It is nearly two hundred and forty years since the first colonial botanists encountered indigenous ecologies and European botanical garden templates were imposed across the state.
This exhibition of paintings and drawings by Michele Burder and Amanda Johnson questions the fate of the regional Victorian botanical gardens in a context of global warming and extended drought.
How has our physical and cultural encounter with the public garden changed? Has the picturesque garden subject (as landscape vista, folly, or symbol of civic confidence) become an expression of cultural nostalgia as environmental problems take their toll on public gardens?
Amanda Johnson paints images of 'supported exotics' and extinct or threatened plants such as the recently rediscovered Dwarf Spider Orchid (Caladenia pumila). Her illusionistic 'paper documents' on canvas are replete with watermarks and foxing mould copied from deteriorated botanical documentations.

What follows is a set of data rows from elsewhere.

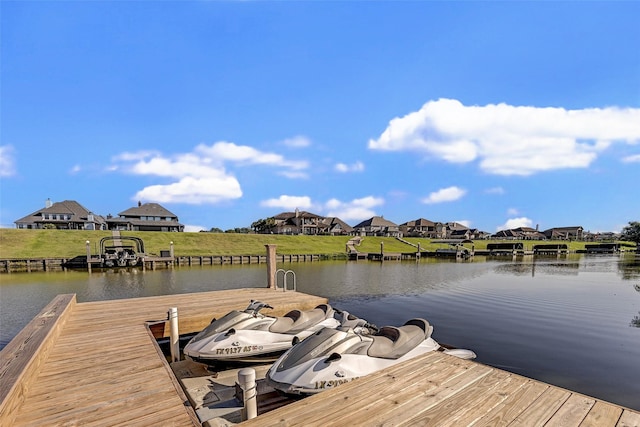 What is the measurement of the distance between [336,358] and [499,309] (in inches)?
513

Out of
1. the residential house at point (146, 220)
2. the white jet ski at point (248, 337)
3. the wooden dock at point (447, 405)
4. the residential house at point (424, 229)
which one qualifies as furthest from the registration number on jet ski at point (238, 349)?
the residential house at point (424, 229)

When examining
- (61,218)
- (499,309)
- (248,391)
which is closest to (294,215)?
(61,218)

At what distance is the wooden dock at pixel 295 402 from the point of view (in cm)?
330

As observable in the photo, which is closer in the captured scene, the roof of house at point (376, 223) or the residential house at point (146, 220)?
the residential house at point (146, 220)

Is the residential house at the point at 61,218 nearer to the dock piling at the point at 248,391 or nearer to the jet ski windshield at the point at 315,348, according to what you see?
the jet ski windshield at the point at 315,348

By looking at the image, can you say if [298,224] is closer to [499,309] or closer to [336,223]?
[336,223]

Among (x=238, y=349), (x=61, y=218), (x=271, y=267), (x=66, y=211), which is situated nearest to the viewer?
(x=238, y=349)

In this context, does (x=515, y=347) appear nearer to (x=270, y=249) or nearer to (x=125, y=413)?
(x=270, y=249)

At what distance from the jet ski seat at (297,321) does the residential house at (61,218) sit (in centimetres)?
7572

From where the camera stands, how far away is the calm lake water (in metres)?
8.36

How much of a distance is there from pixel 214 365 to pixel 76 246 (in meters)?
46.6

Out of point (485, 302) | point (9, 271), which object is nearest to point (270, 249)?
point (485, 302)

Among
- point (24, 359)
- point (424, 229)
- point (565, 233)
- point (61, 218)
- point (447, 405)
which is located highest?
point (61, 218)

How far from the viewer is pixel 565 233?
397 feet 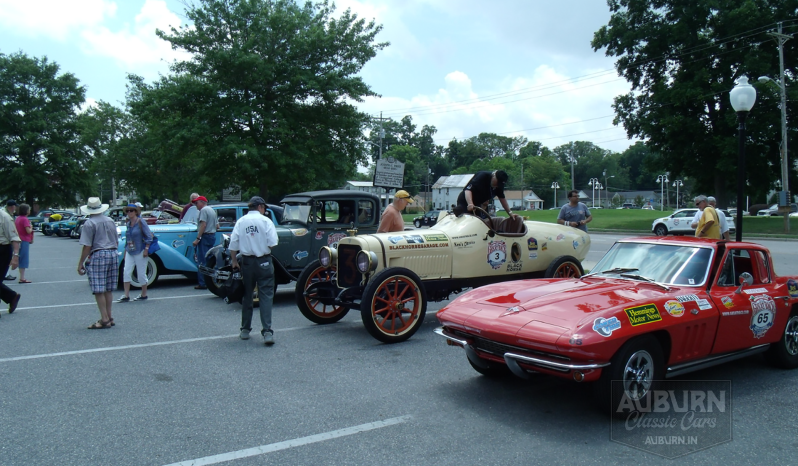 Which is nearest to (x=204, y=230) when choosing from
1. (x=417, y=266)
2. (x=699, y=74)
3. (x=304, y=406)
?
(x=417, y=266)

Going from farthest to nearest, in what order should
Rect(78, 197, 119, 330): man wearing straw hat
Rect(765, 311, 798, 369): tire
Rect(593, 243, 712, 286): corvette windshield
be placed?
Rect(78, 197, 119, 330): man wearing straw hat → Rect(765, 311, 798, 369): tire → Rect(593, 243, 712, 286): corvette windshield

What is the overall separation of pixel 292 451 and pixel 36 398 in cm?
263

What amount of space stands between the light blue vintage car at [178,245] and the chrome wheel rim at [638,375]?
29.3 ft

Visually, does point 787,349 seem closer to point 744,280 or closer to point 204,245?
point 744,280

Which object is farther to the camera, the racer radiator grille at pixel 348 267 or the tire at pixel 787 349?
the racer radiator grille at pixel 348 267

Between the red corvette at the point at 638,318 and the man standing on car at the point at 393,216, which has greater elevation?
the man standing on car at the point at 393,216

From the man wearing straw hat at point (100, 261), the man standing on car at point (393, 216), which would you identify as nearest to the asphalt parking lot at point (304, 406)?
the man wearing straw hat at point (100, 261)

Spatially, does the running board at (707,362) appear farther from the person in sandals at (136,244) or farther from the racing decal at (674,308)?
the person in sandals at (136,244)

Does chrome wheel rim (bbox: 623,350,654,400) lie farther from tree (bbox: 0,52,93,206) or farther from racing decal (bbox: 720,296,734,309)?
tree (bbox: 0,52,93,206)

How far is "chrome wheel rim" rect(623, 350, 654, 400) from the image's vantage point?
4180 mm

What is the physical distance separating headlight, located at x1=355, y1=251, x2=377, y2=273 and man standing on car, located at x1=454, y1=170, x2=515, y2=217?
1.94 m

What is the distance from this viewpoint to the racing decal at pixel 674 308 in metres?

Johnson's painterly parodies of 'first contact' drawings and nineteenth-century garden designs suggest the melancholy possibility of last contact, while luridly modified Victorian garden plans (after William Guilfoyle and others) are a futuristic revisiting of the botanical archive.
Michele Burder's anti-picturesque images include rubbish fragments and organic detritus, items that are not considered part of any idealised botanical garden schema. Burder cleverly re-documents garden sites and the impact of usage. A furry tennis ball fragment is juxtaposed with a fragment of a pine cone. These objects are formally tagged, in a parody of museum labelling.